Dear SAS community,
In your opinion what is the best method to read an excel file into SAS? Initially I used Proc Import to read in an xlsx, but it does not retain the column formats for many of my variables, even with the guessing rows option (i.e. column is empty, but still need to be in numeric format). Then I thought I would do an infile statement with the data converted into a csv file. This was so I could add in the length/format statements. However, I cannot read in multiple "sheets" with CSV files and the data I am reading comes with multiple tabs. Thoughts?
Thanks!
How many files and how often?
I usually just pull them in with file > import data >sas import wizard.
You can have it save the steps and then maybe use that generated import statement as a base for a macro if you have a lot to do.
It depends. Are you trying to combine the data after? If so, you do have a problem because you have to make sure SAS reads the files the same so you can operationalize this. Otherwise you run into one variable is character and one is numeric and one is length 20 in one file and length 50 in another file.
You have the most control using CSV's and you can read multiple CSVs in a single data step, especially if they all have the same format.
@sophia_SAS wrote:
You are correct in that I am trying to combine the data afterwards. I would like to use CSV but am struggling with reading in multiple tabs within 1 csv file. Here's my infile code for the first tab. I have 5 other 'tabs in this mydata csv file. (I know CSV doesn't do sheets.)
DATA want;
FORMAT ID $7. STATE $2. DOB MMDDYY10. CLASSOTH $25.;
INFILE "mydata.csv" missover dsd firstobs=2;
INPUT IT $ STATE $ DOB GEO2010FIPS CLASS1 CLASS2 CLASSOTH $;
run;
Obviously 5 source files will require file separate CSV files since they are just simple text files.

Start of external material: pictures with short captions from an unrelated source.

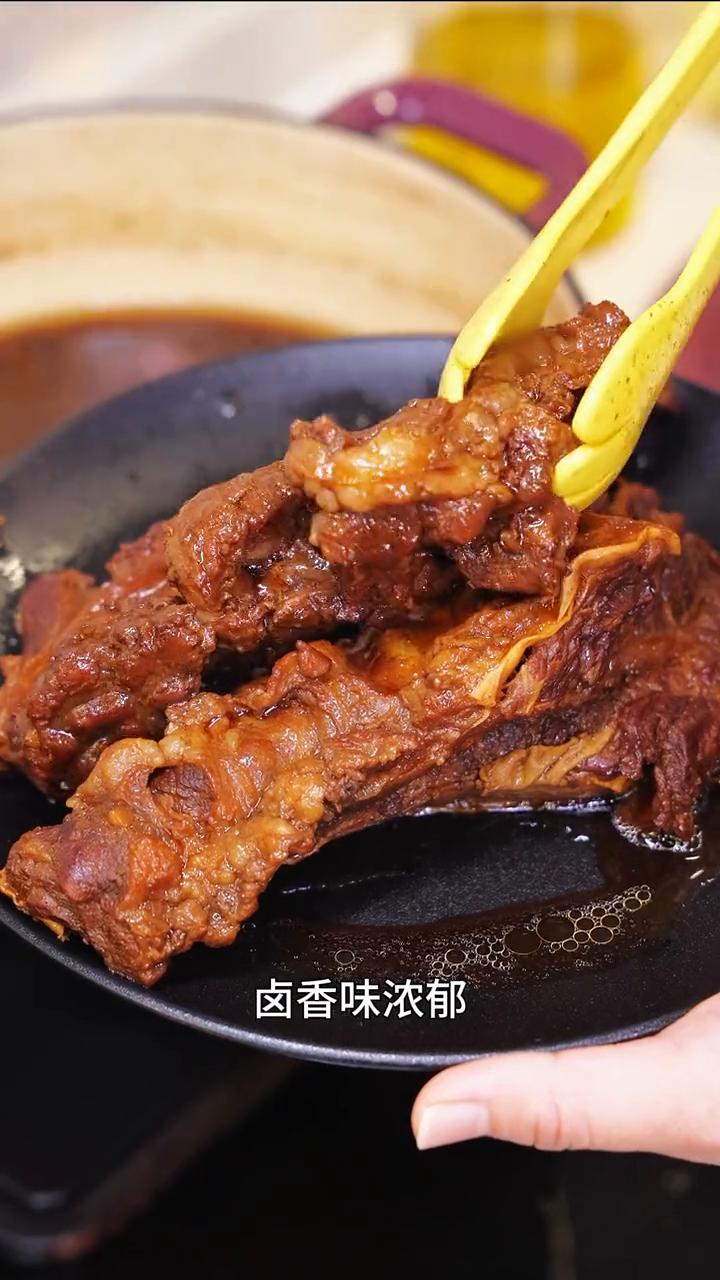 今天做的卤水牛腩卤香味浓郁，吃起来是软糯又入味，用来做牛腩饭或者牛腩面都很好吃。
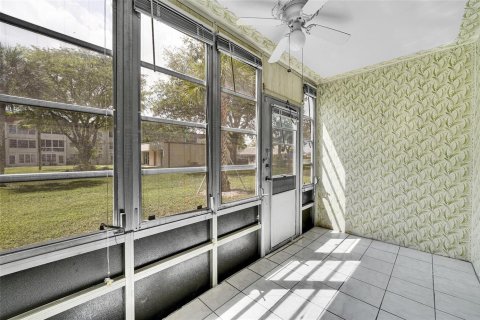 Condo in Sunrise, Florida, 2 bedrooms  № 2190708 - photo 16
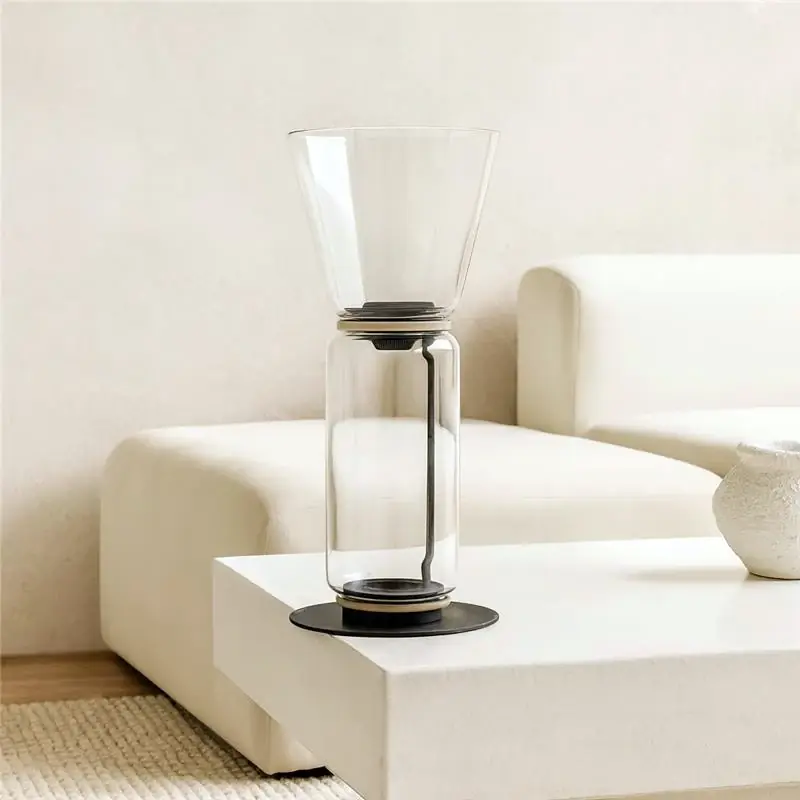 A Buon Prezzo Flos Noctambule Floor 1 Lampada a pavimento nero High Cylinder Cone Small Base F0265000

If they have the same structure you can either read them all in data step, or read them separately and then combine.
Do if you had this code to read one file.
data want ;
length ID $7 STATE $2 DOB GEO2010 FIPS CLASS1 CLASS2 8 CLASSOTH $25;
informat dob mmddyy. ;
format dob date9. ;
INFILE "mydata.csv" dsd firstobs=2 truncover;
INPUT ID -- CLASSOTH ;
run;
You call it five with different input files and dataset names to read in five files.
Or you could possible adopt it to read in all five files in one pass if you wanted.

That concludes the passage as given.